🛡 Multicollinearity

I. What is multicollinearity?

Multicollinearity happens when two or more independent variables (predictors) in a regression model contain overlapping information, meaning one predictor can be predicted well from the others.

In other words Multicollinearity means that two or more independent variables are highly correlated with each other as a result the effect of individual variables cannot be clearly separated.

Example: In a house-price model, square footage and number of rooms tend to move together.

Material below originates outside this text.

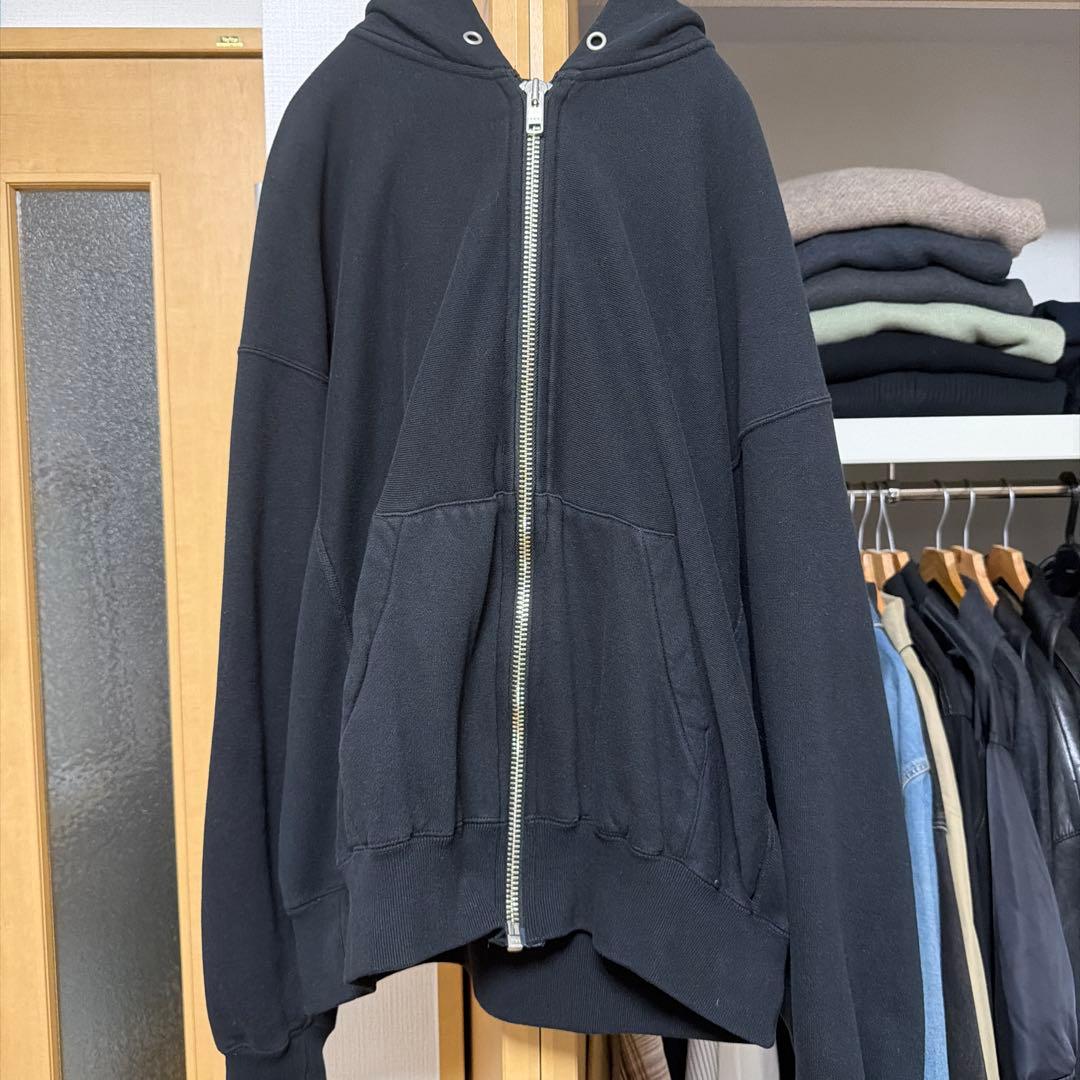 ＜H＞ Beauty and Youth ブラック ジップアップパーカー 新品‼️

They’re not the same thing, but they often carry similar information about “house size.”

Important nuance

Multicollinearity is not about predictors being correlated with the target.
It’s about predictors being correlated with each other.

II. Why is multicollinearity a problem?

Consider a multiple linear regression:

y = β_{0} + β_{1} x_{1} + β_{2} x_{2} + \dots + β_{k} x_{k} + ϵ

If $x_{1}$ and $x_{2}$ are very similar (highly correlated), the model struggles to decide:

how much of the effect belongs to $x_{1}$ (i.e., $β_{1}$ ) and
how much of the effect belongs to $x_{2}$ (i.e., $β_{2}$ )

★ What you’ll observe in practice

Multicollinearity mainly causes unstable coefficient estimates:

Coefficients become “wobbly”: small data changes can flip the sign or drastically change values.
Standard errors increase: predictors look statistically insignificant even if they matter.
Confidence intervals get wide.
Interpretation becomes unreliable: you can’t confidently say “holding other variables constant, this feature changes y by …” because “holding other variables constant” is unrealistic when predictors move together.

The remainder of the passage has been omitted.